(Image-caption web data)
=== Begin Enclosure ===
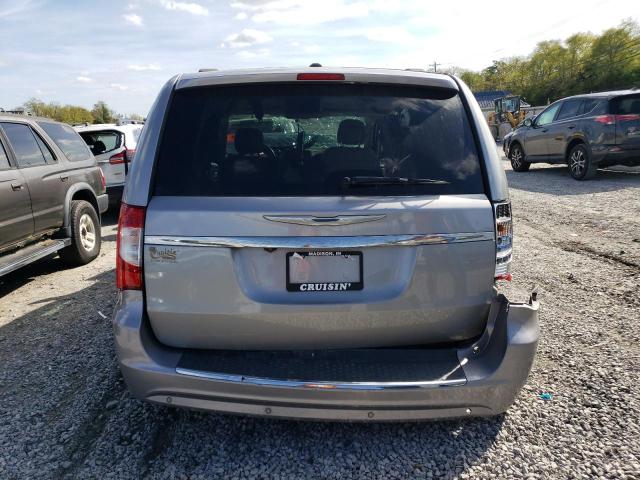 2C4RC1CG4DR645419 - 2013 CHRYSLER TOWN & COU TOURING L GRAY photo 6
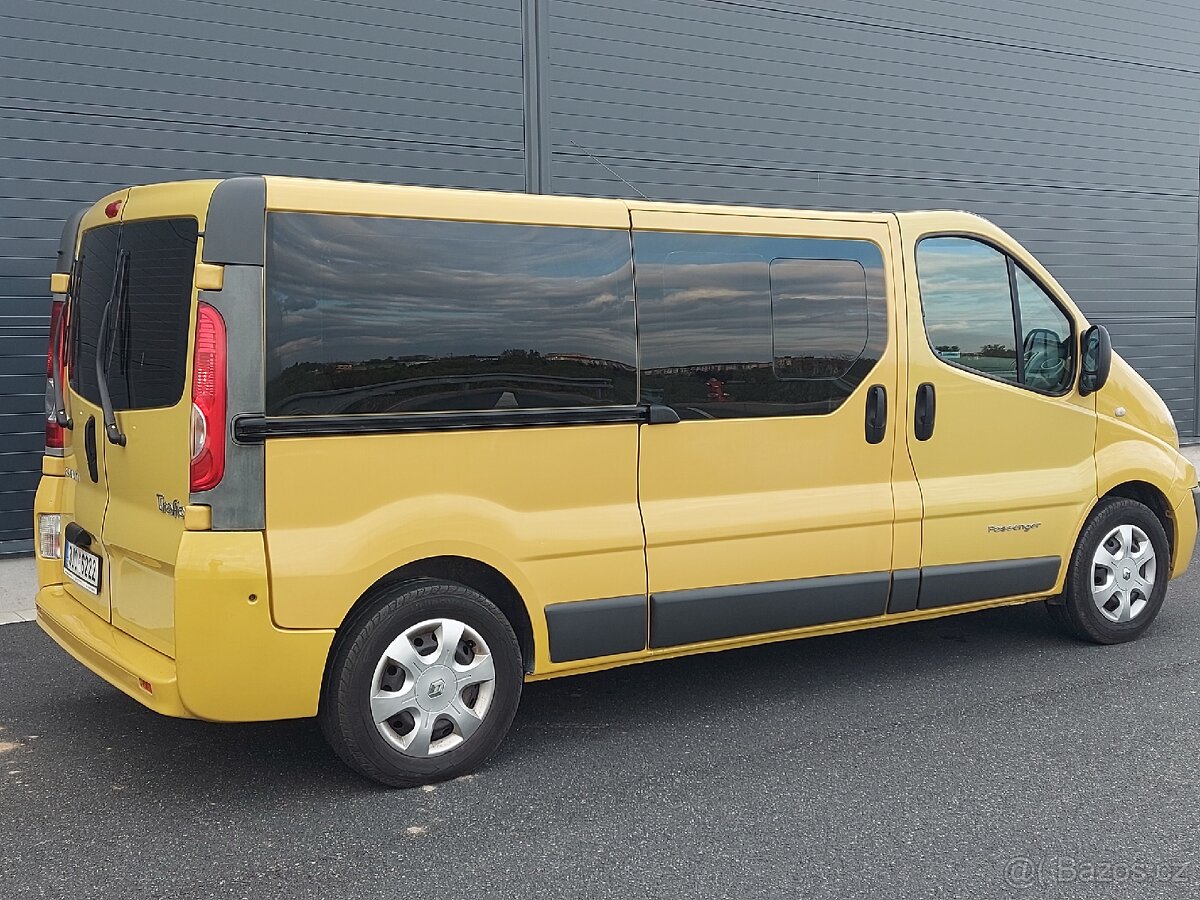 Renault Trafic Passenger -Long 2.0 dCi 84 kw - 3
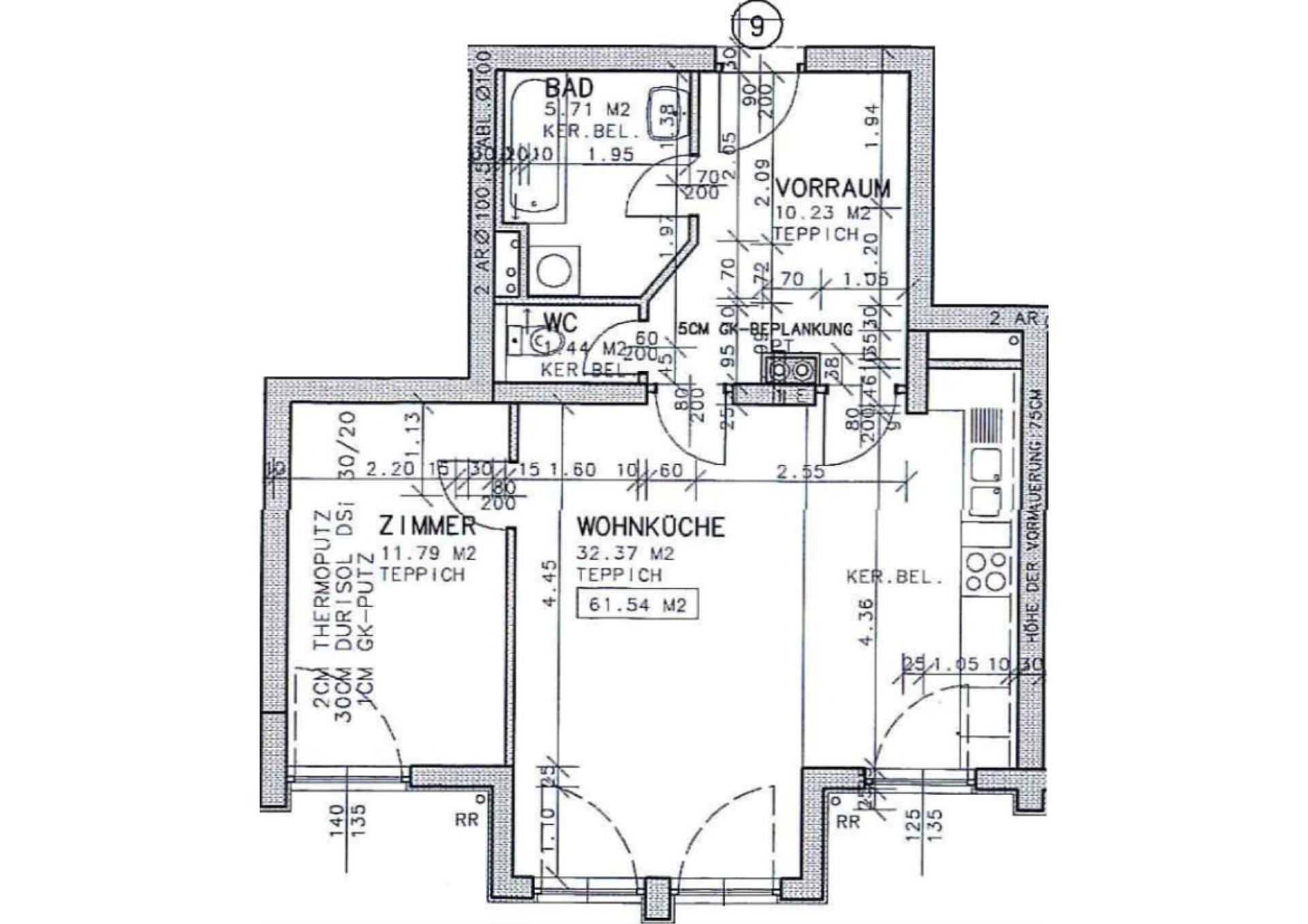 Grundriss einer Wohnung mit Wohnküche, Bad, WC, Zimmer und Vorraum, detailliert dargestellt.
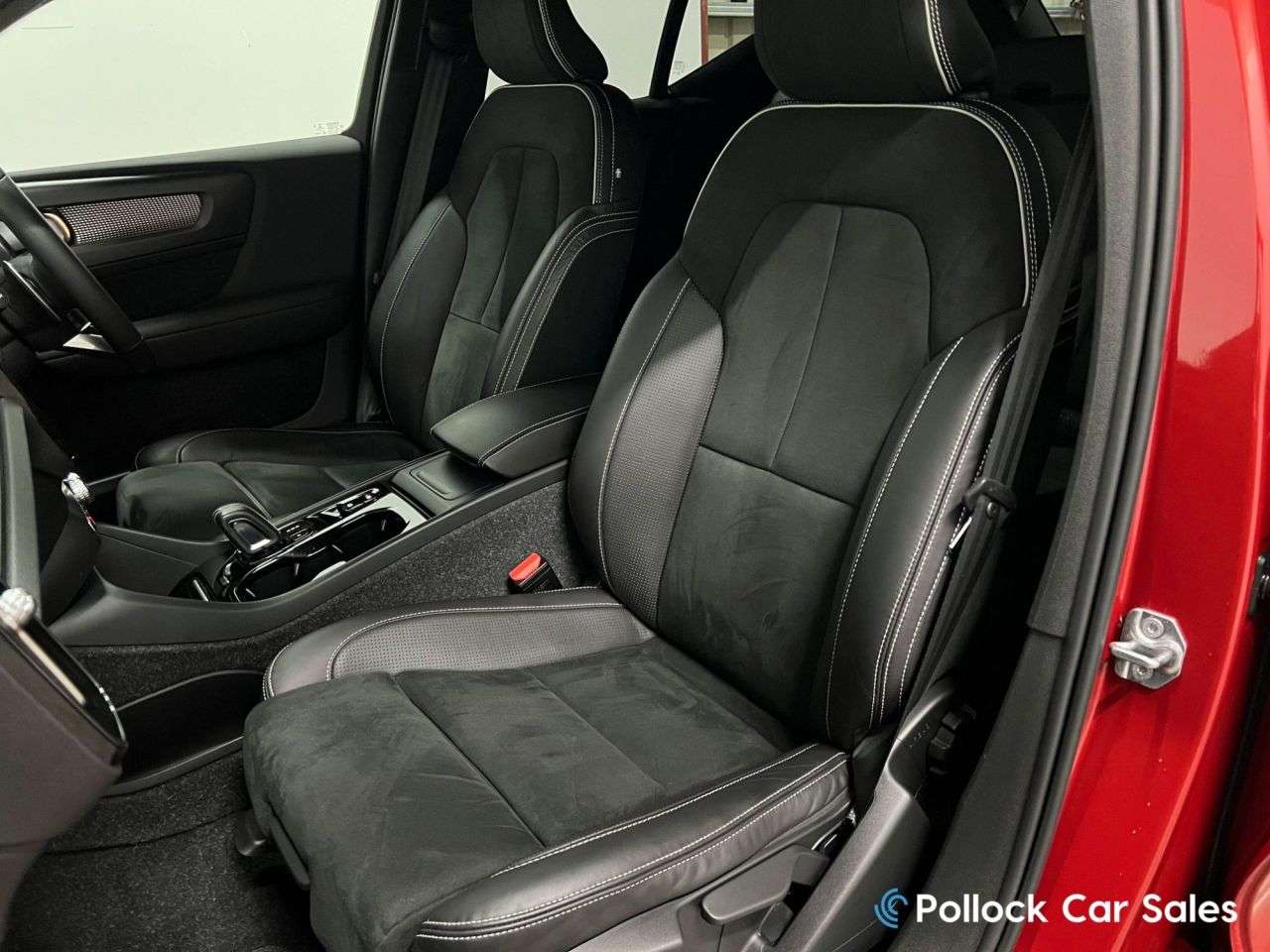 2019 VOLVO XC40 2019 VOLVO XC40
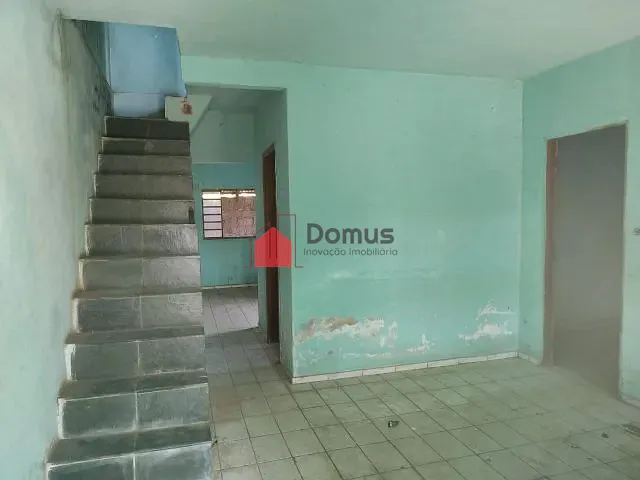 Sobrado com 250m² 3 quartos e 2 banheiros, à venda, no bairro Conjunto Residencial Araretama em Pindamonhangaba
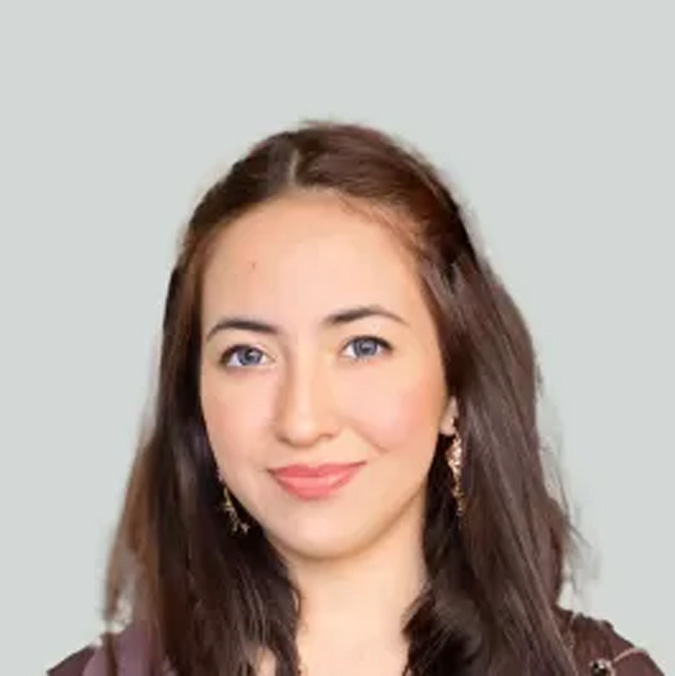Yalda Folad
=== End Enclosure ===
What you have to do:
Set down the entries above word for word, but drop any image.

Task response:
 2C4RC1CG4DR645419 - 2013 CHRYSLER TOWN & COU TOURING L GRAY photo 6
 Renault Trafic Passenger -Long 2.0 dCi 84 kw - 3
 Grundriss einer Wohnung mit Wohnküche, Bad, WC, Zimmer und Vorraum, detailliert dargestellt.
 2019 VOLVO XC40 2019 VOLVO XC40
 Sobrado com 250m² 3 quartos e 2 banheiros, à venda, no bairro Conjunto Residencial Araretama em Pindamonhangaba
Yalda Folad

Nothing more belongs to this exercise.